“It would be like no one even knew we was ever here.”
Think of Gangs of New York as Martin Scorsese’s East Coast urban version of Blood Meridian, a work that takes a few details from history and blows them up into an origin story of the creation of America in blood and ownage. Daniel Day-Lewis is the Judge here, Bill the Butcher, one panel of this British actor’s quartet of iconic Americans at a moment of transition. (The Last of the Mohicans‘ Hawkeye, There Will Be Blood‘s Daniel Plainview, and Lincoln‘s Lincoln are the other three.) He’s the last of his kind here, a medieval warlord ruling the Five Points district of New York, proclaiming the virtue of the natives against the waves of incoming immigrants in the 1860s. (Joan Didion called this the disdain of those who arrived the day before yesterday for those who arrived yesterday.) Like the Judge, he embodies, right down to his eagle-stamped eye, an entire age and philosophy; like the Judge, he’s such a compelling figure he simply overshadows just about everything else here.
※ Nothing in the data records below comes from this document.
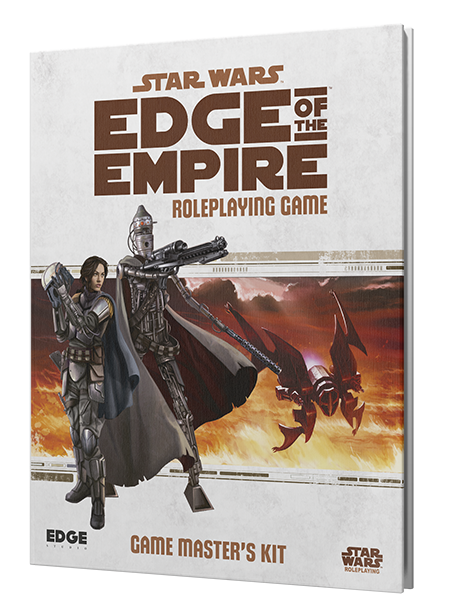 EDGE OF THE EMPIRE - Game Master's Kit
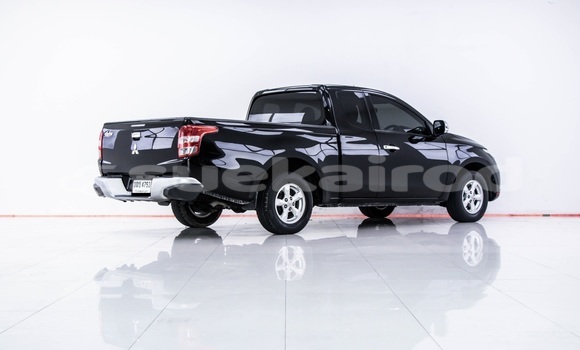Buy Used Mitsubishi Triton Black Car in Bangkok in Bangkok Buy Used Mitsubishi Triton Black Car in Bangkok in Bangkok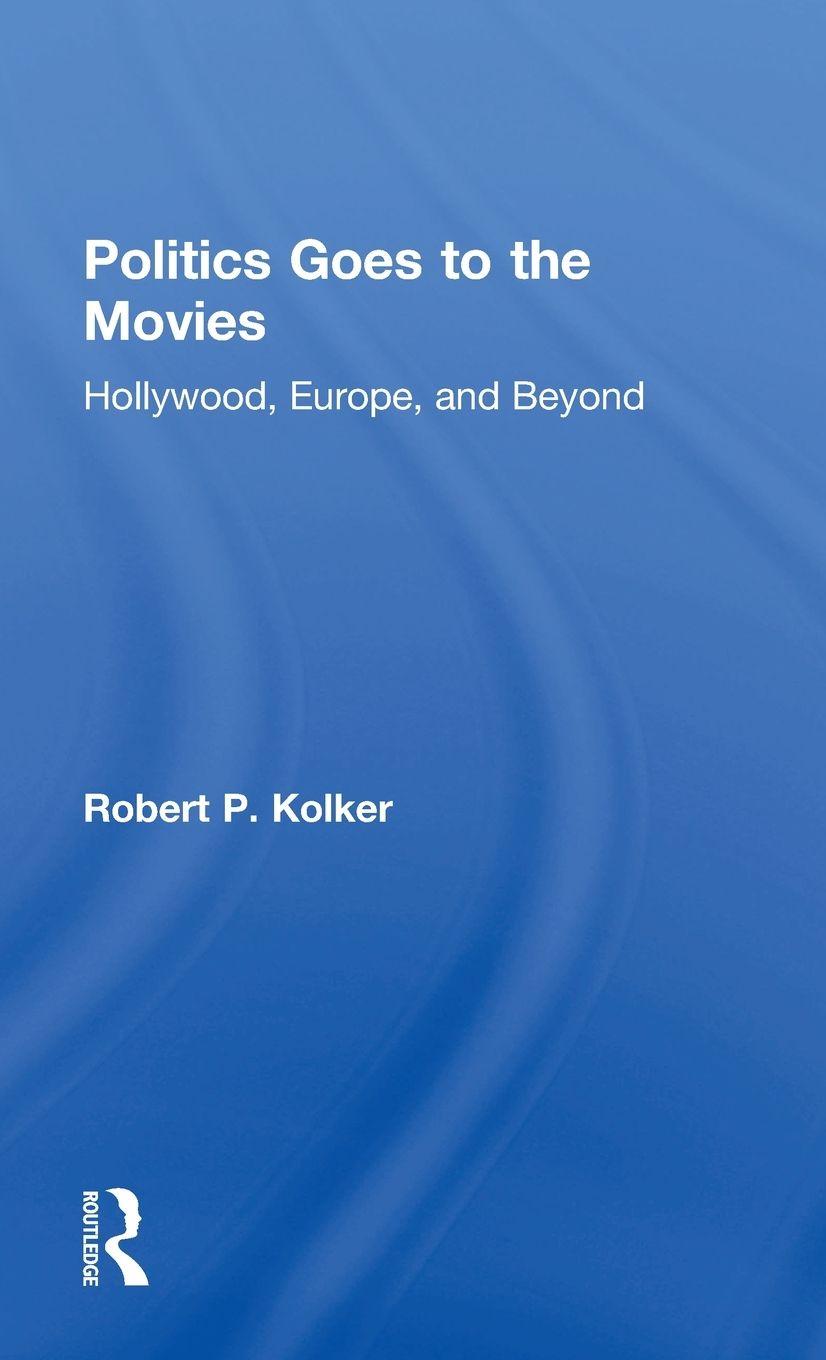 Vorderes Coverbild Politics Goes to the Movies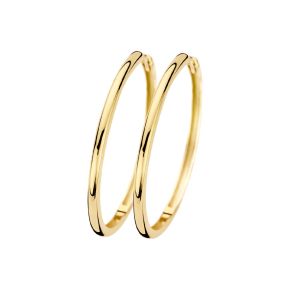 Blush gouden oorringen 7312YGO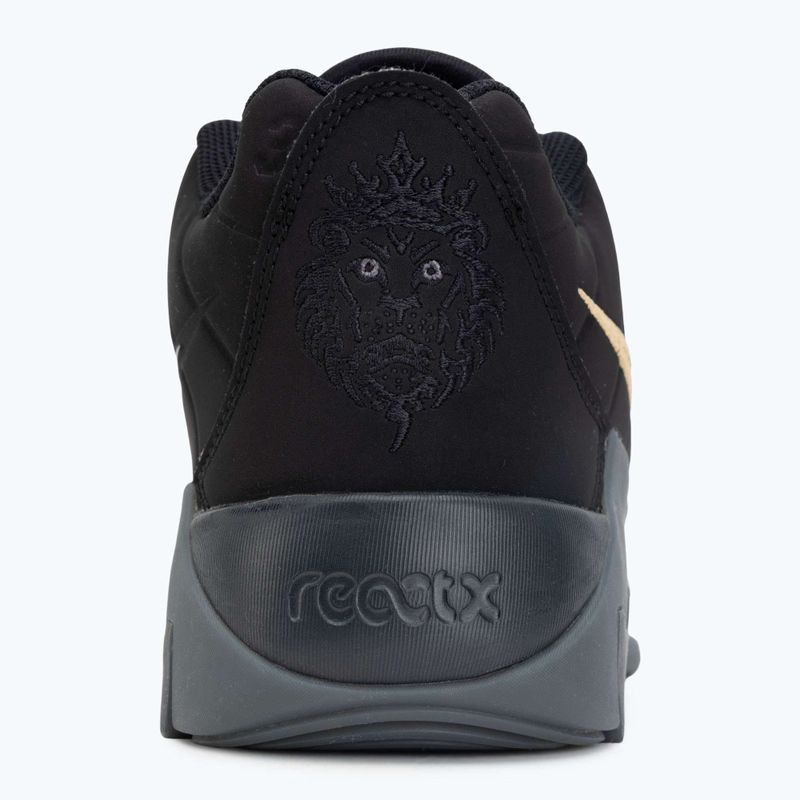 Herren-Basketballschuhe Nike LeBron Witness 9 black/iron grey/dark smoke grey/black 6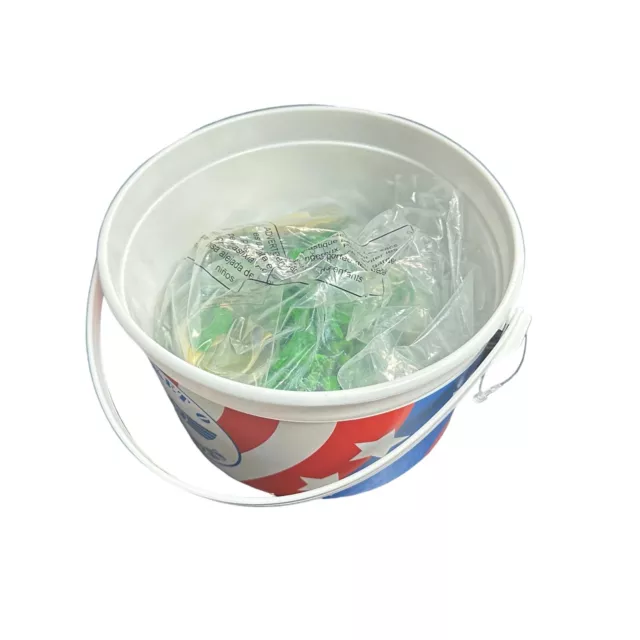 Disney Parks Pixar Toy Story Bucket O Soldiers Action Figure 72 Army Men NO TOP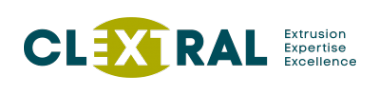 Логотип компании Clextral Ltd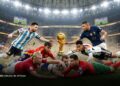 La fase final del Mundial empieza a tomar forma, pero aún faltan clasificados La fase final del Mundial empieza a tomar forma, pero aún faltan clasificados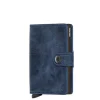 Pasjeshouders|Creditcardhouders>Secrid Miniwallet Portemonnee vintage blue
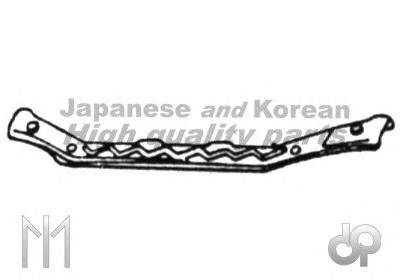 Облицовка передка ASHUKI 5212663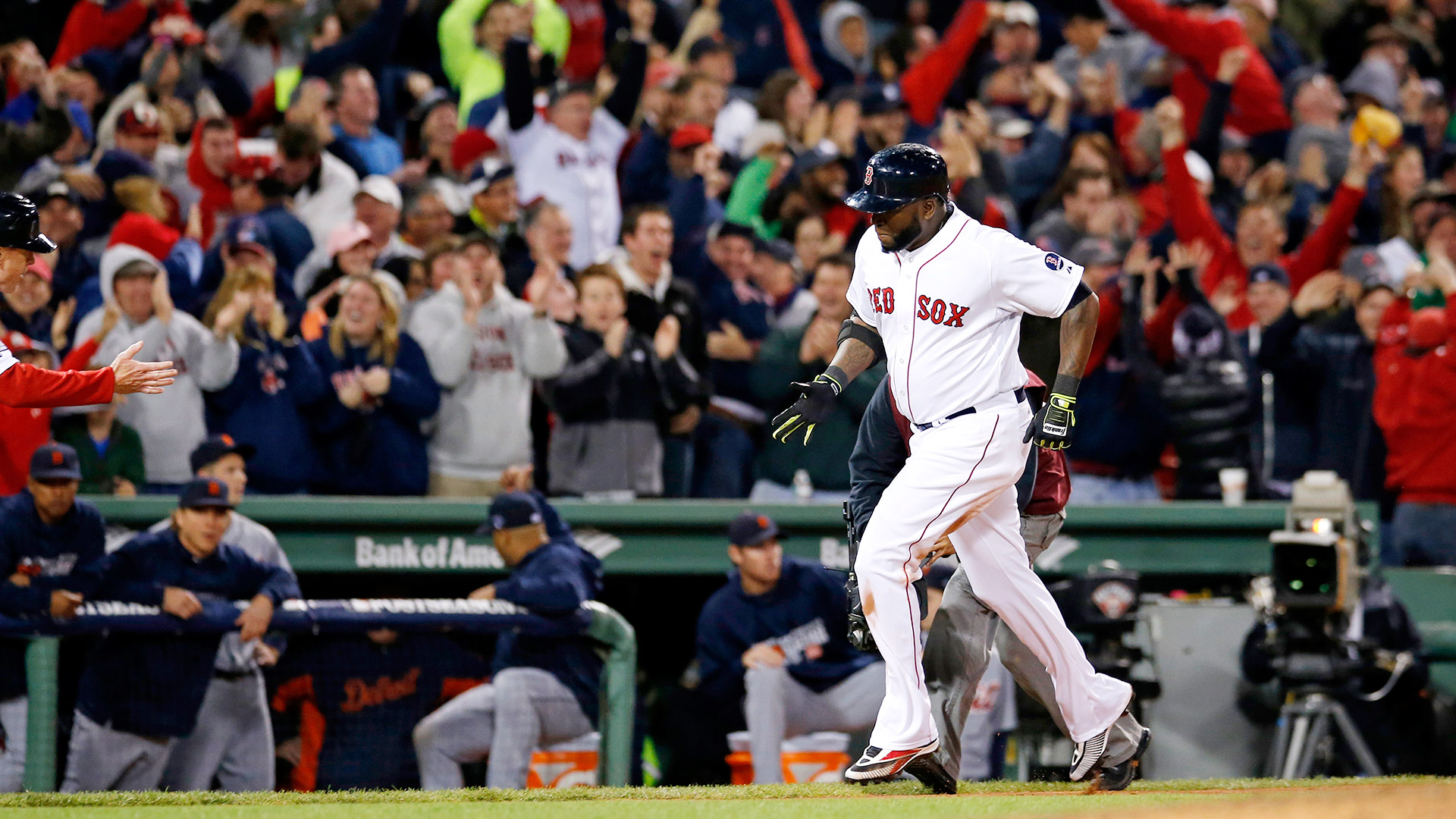 Nomar Garciaparra's two grand slams lead Red Sox - The Boston Globe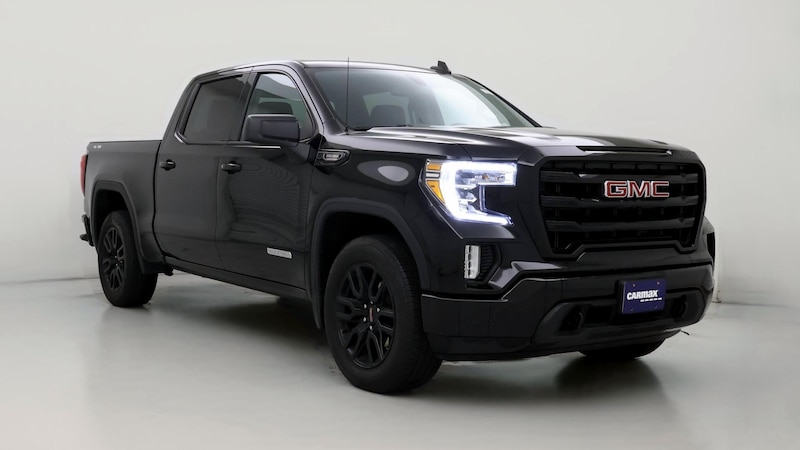 2021 GMC Sierra 1500 Elevation Hero Image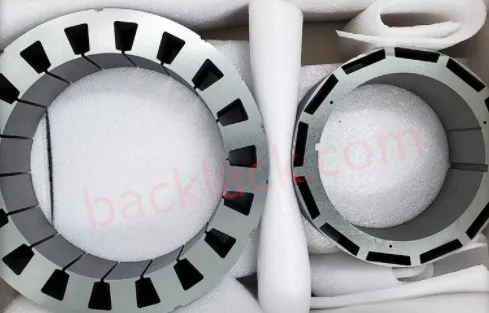 Технология ламинирования самосклеивания для роторов сверхвысокоскоростных двигателей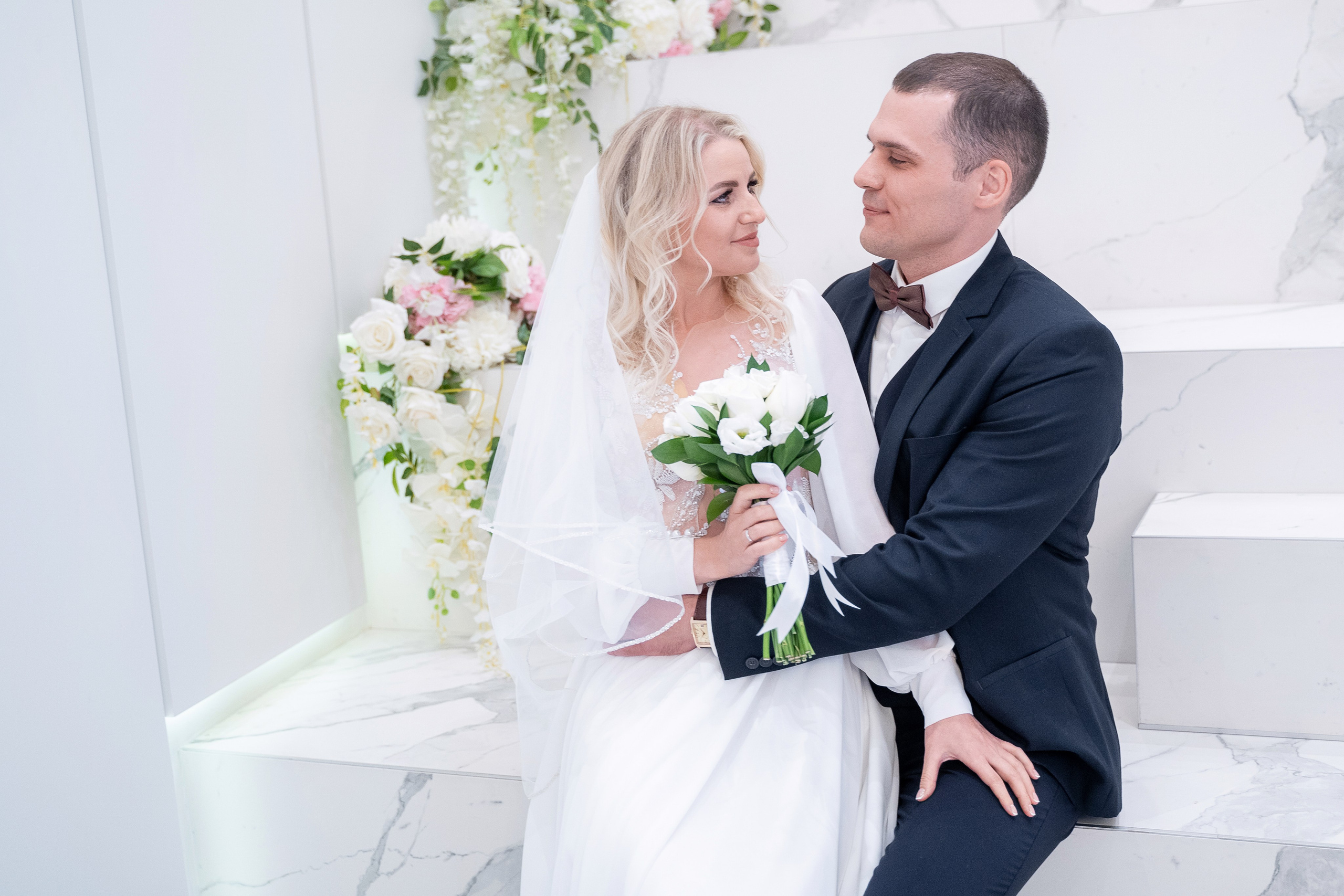 Сергей и Янна. Архив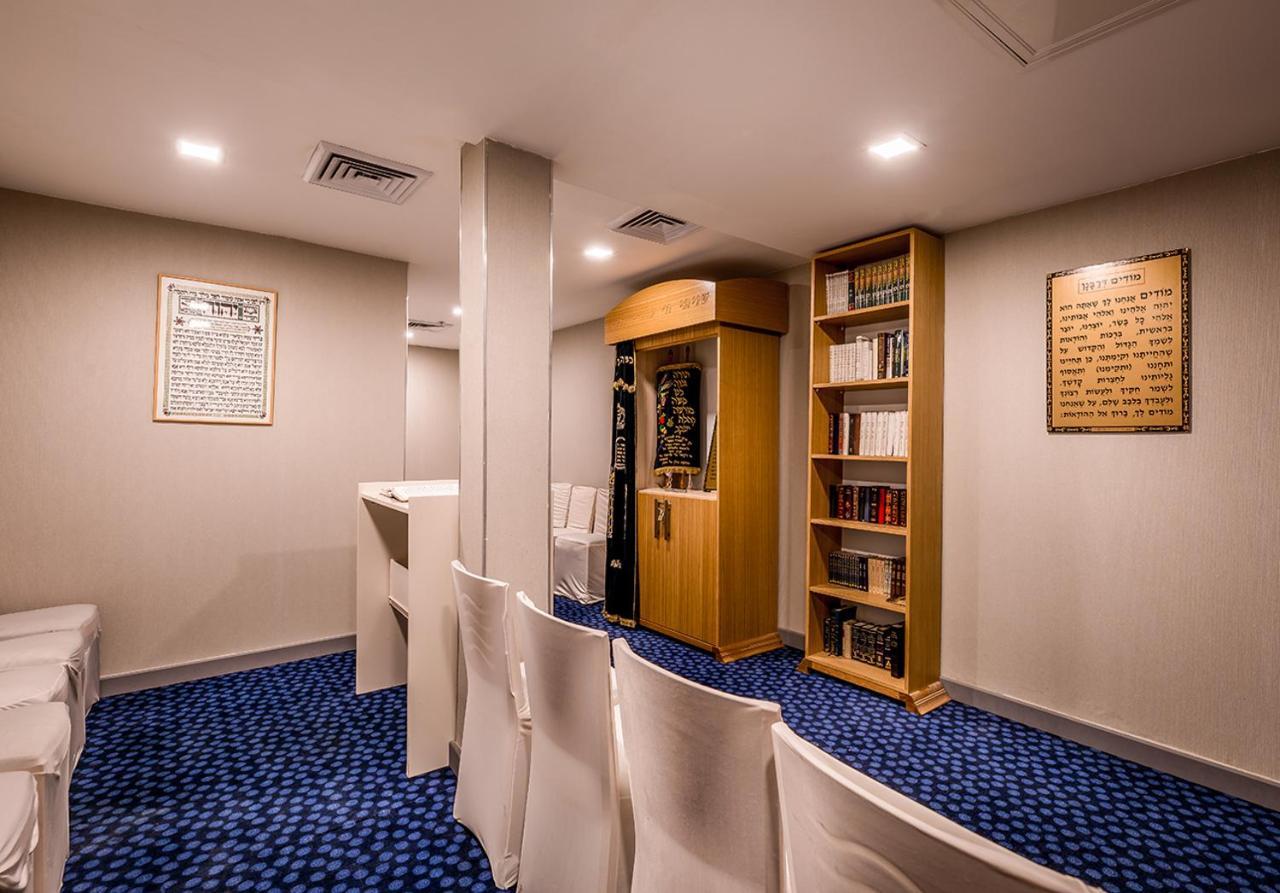 Astral Maris Hotel Eilat Exterior photo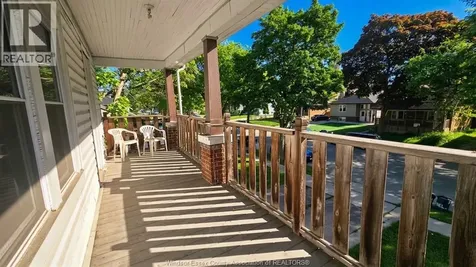 721-723 Campbell Avenue Windsor ON N9B 2H6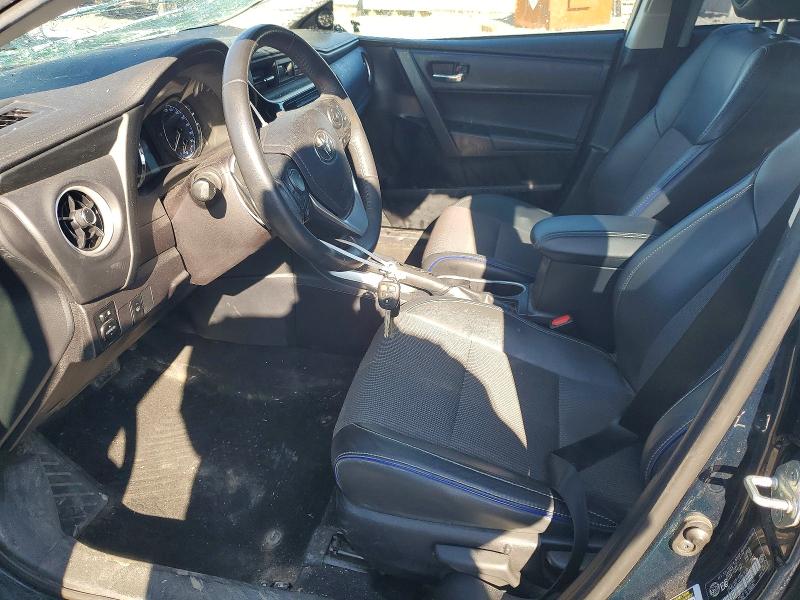 Продаж на аукціоні авто 2018 Toyota Corolla, vin: 2T1BURHE4JC069430, номер лоту: 49913026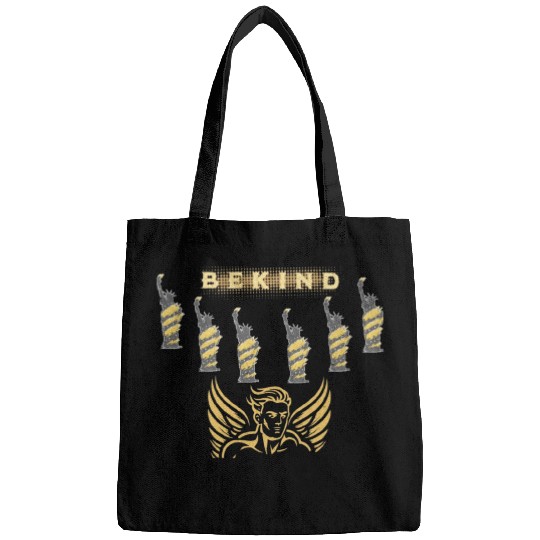 Women's Fitted Vintage Rock Band Country Music Bags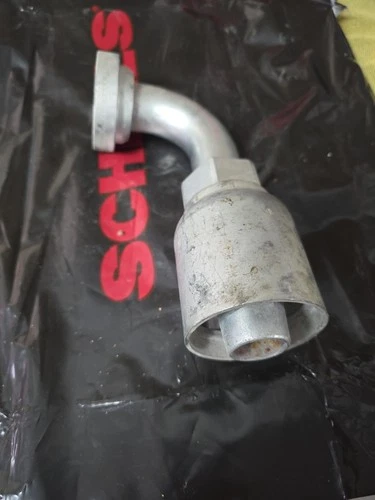 PARKER  1XN782420 SERIES 78 CRIMP HOSE FITTING NEW NO BOX 1XN78-24-24 HTF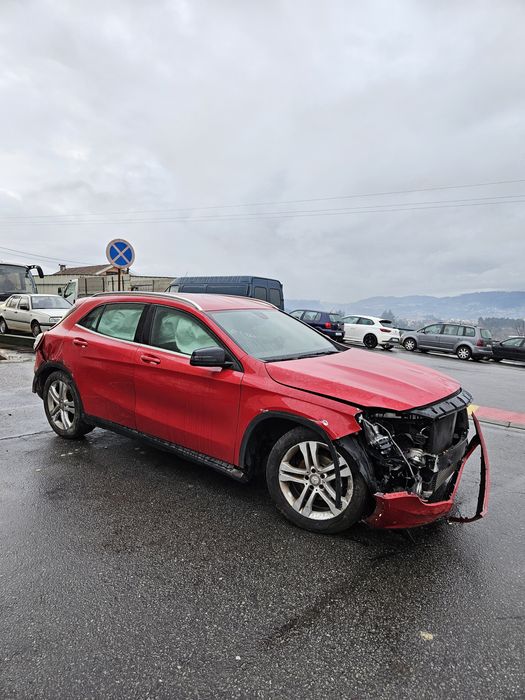 Mercedes-Benz GLA 200 CDi de 2014 para peças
Jim Broadbent, Liam Neeson, John C. Reilly, and Brendan Gleeson are on his level; Cameron Diaz and Leonardo diCaprio are not, and that may be the point–Bill isn’t so much defeated by diCaprio as by the numbers of people like him. (Still, can’t help noticing that diCaprio gets his face bashed in and branded with a white-hot knife without looking one bit less pretty. Must have been in his contract.)
Gangs of New York stands as Scorsese’s most ambitious film–it took as long for him to get it produced as Silence, and he had to have an enormous set to recreate the Five Points in Italy. That ambition comes through at every moment, with Scorsese deliberately scaling events up to operatic levels. One extraordinary aspect of this: the sound design, incorporating dialogue, street noise, and songs of the period in a dense, artful chaos that calls up Glenn Gould’s The Latecomers or John Cage’s Apartment House 1776. It’s literally a history you can hear. And like Blood Meridian, the most powerful moments are the beginning and the ending, which bracket this moment as part of a history now gone; the final sequence jumps from July 17, 1863 to September 10, 2001 in a series of dissolves (scored to U2’s “The Hands That Built America”) that feels like the essence of New York City: fuck you, we’re still here, and we always will be.
Gangs of New York streams free on Amazon Prime.